**** DATA IN THIS EXERCISE ****

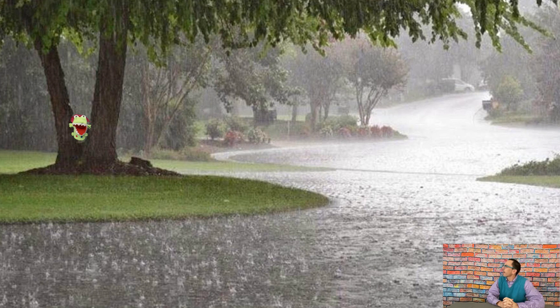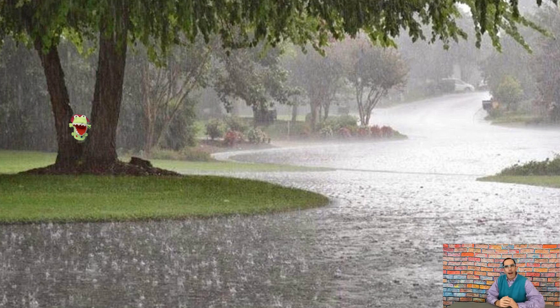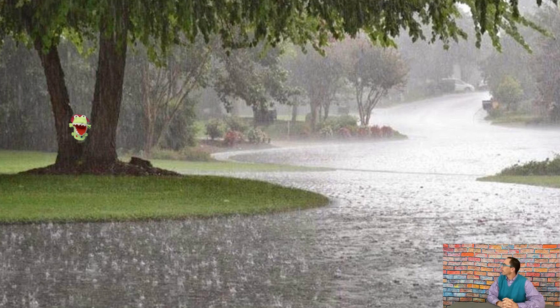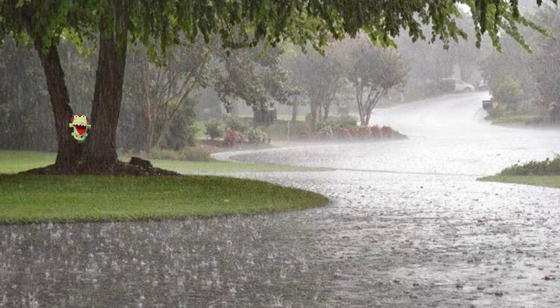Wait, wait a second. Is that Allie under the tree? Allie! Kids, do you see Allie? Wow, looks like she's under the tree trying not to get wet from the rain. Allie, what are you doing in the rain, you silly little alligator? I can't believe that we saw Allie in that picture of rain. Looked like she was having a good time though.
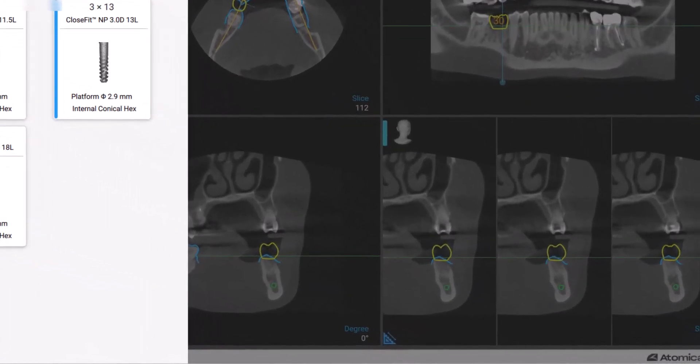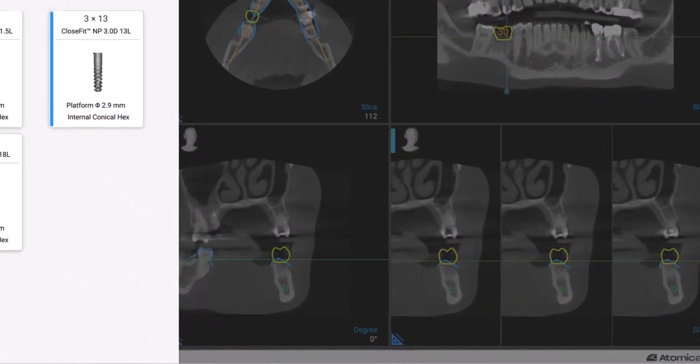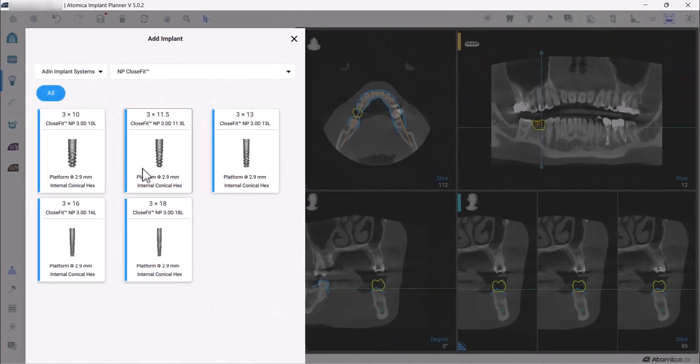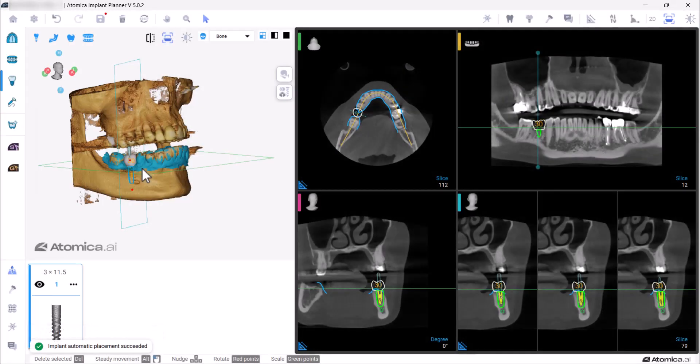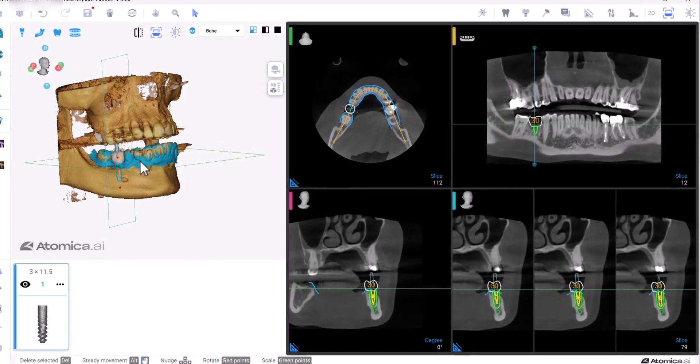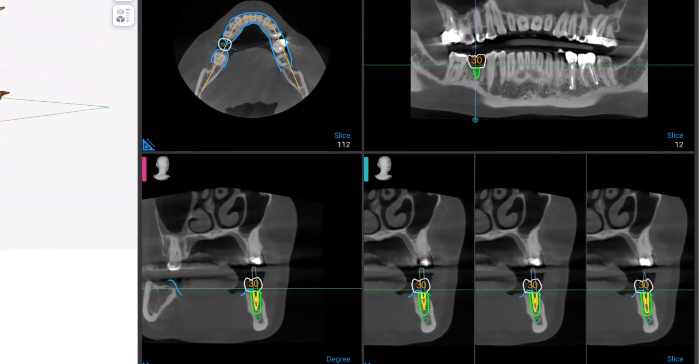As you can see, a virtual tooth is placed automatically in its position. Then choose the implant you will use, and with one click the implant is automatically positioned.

****
**** DATA IN THIS EXERCISE ****

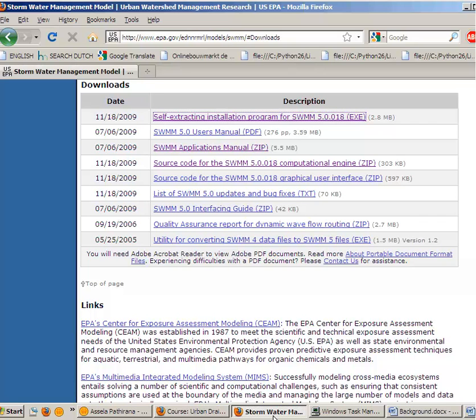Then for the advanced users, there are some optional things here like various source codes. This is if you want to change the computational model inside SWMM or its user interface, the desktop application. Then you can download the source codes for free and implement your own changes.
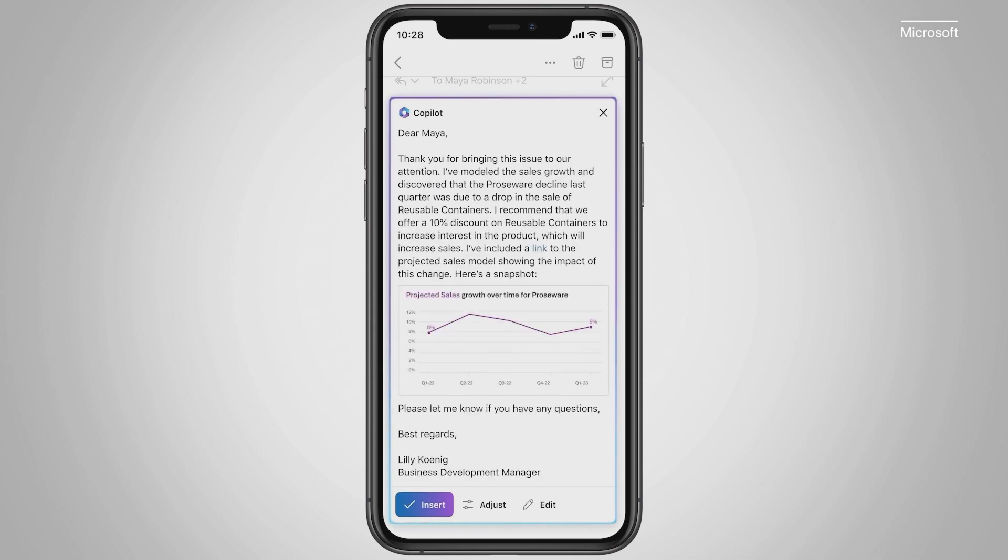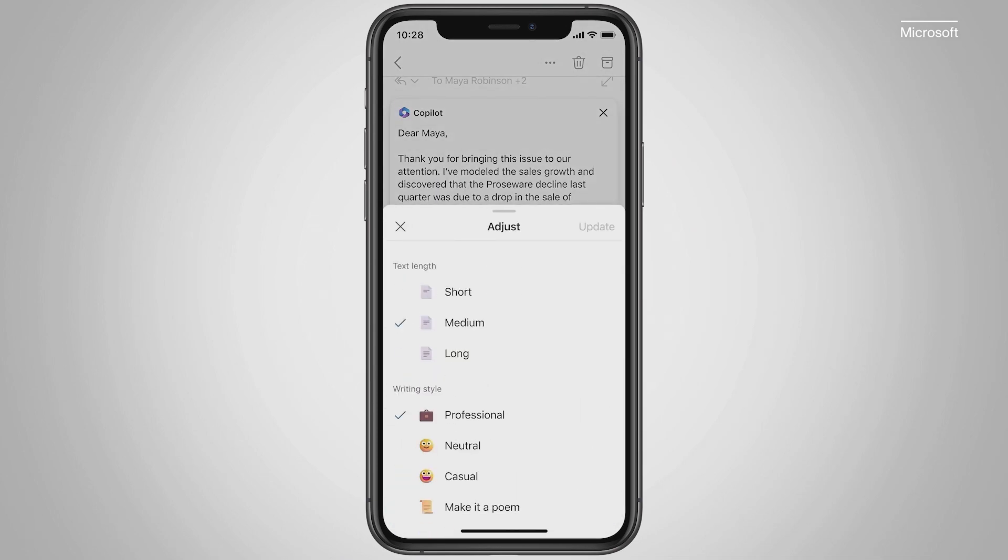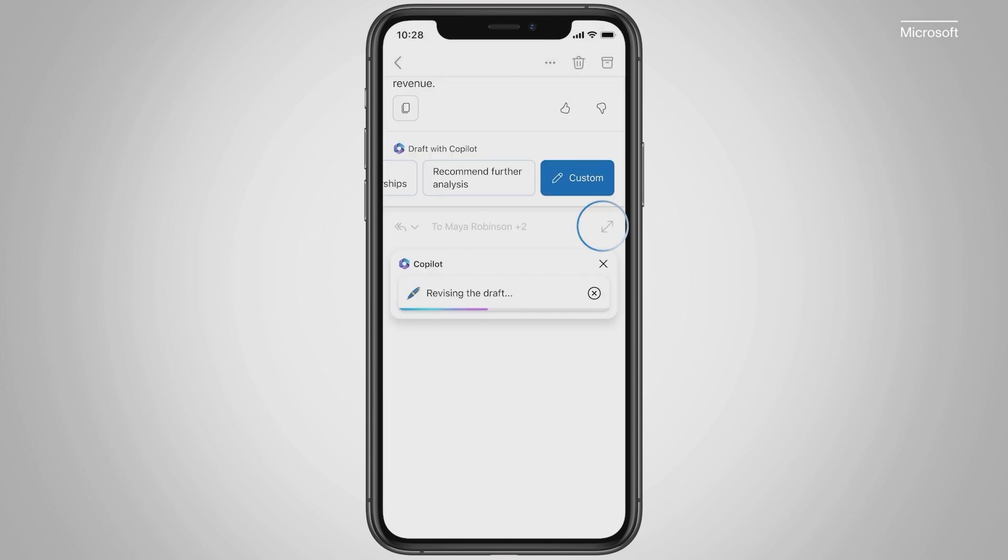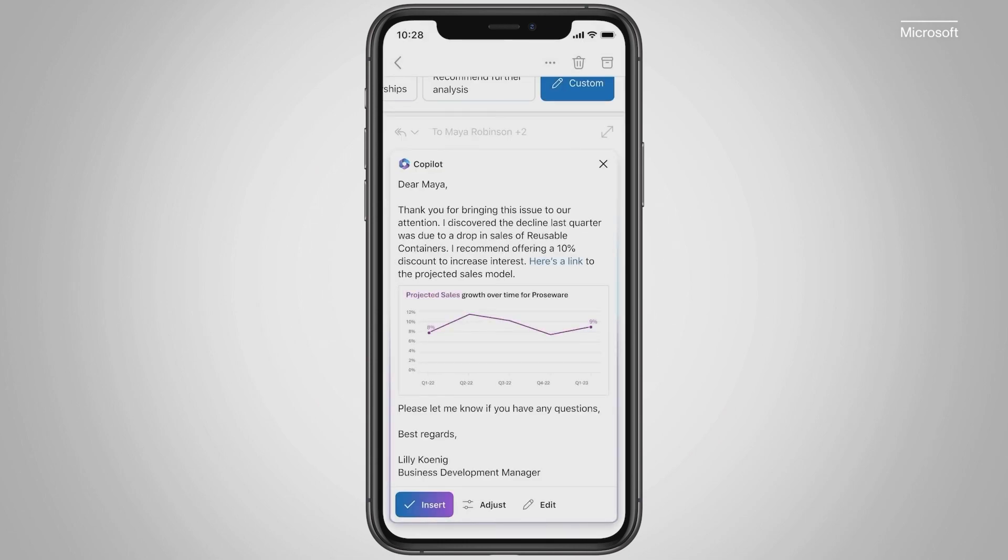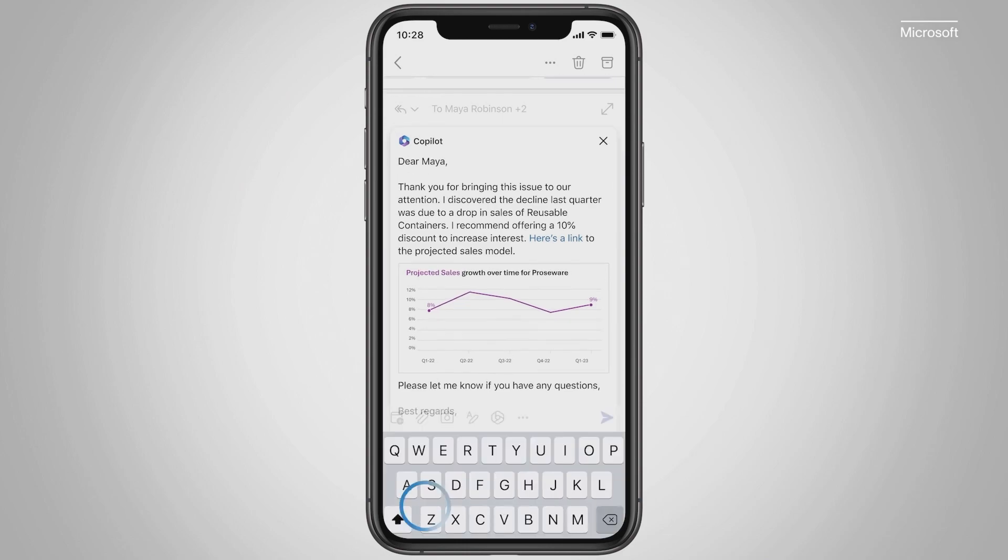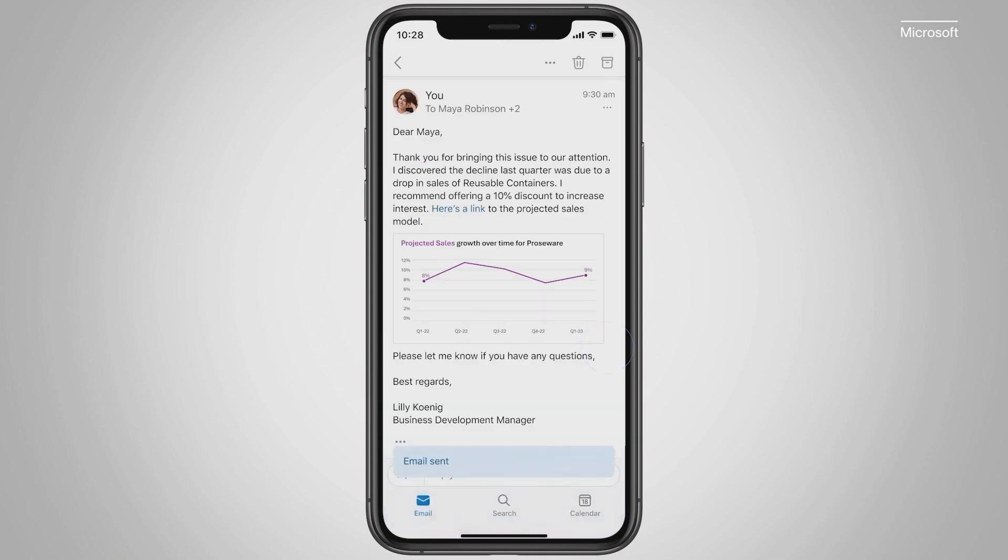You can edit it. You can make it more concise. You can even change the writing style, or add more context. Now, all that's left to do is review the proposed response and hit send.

****
**** DATA IN THIS EXERCISE ****

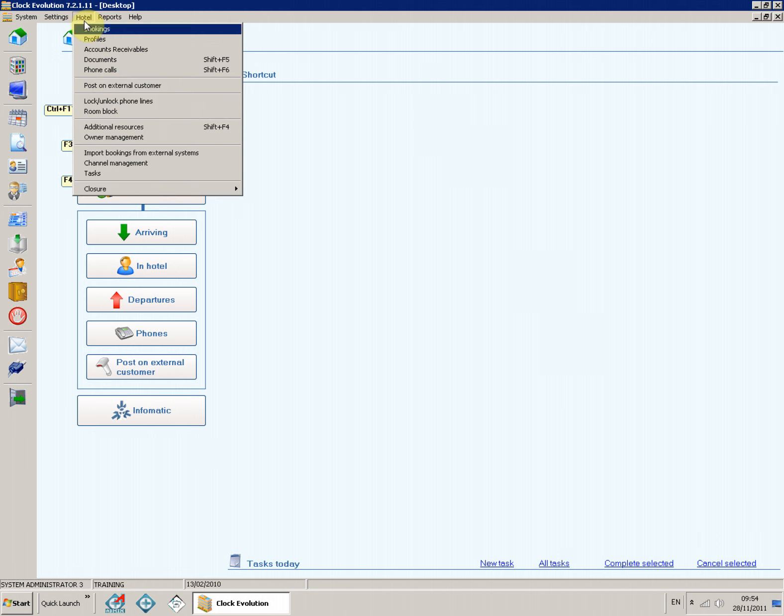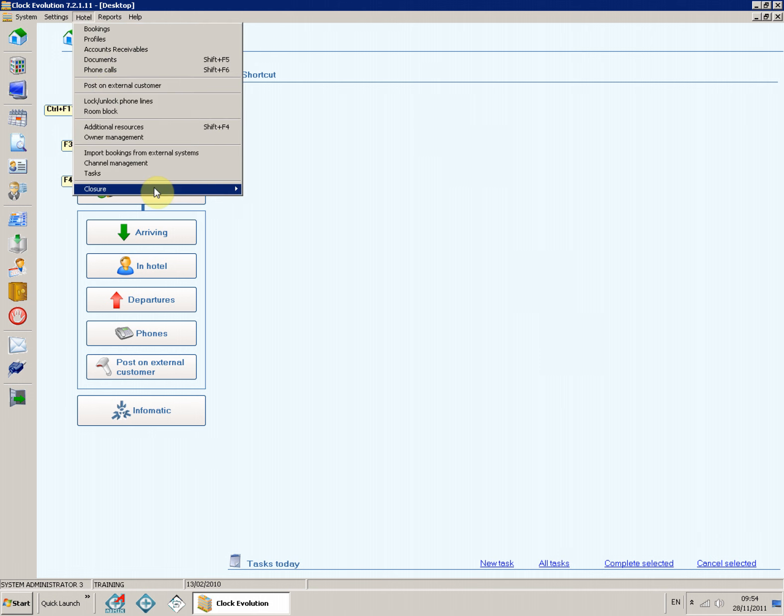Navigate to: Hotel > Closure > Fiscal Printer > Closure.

****

EXERCISE:
The answer is those lines of the material above that run from the one containing "Then for the" up to and including the one containing "You can edit", restated exactly and without images.

EXERCISE ANSWER:
Then for the advanced users, there are some optional things here like various source codes. This is if you want to change the computational model inside SWMM or its user interface, the desktop application. Then you can download the source codes for free and implement your own changes.
You can edit it. You can make it more concise. You can even change the writing style, or add more context. Now, all that's left to do is review the proposed response and hit send.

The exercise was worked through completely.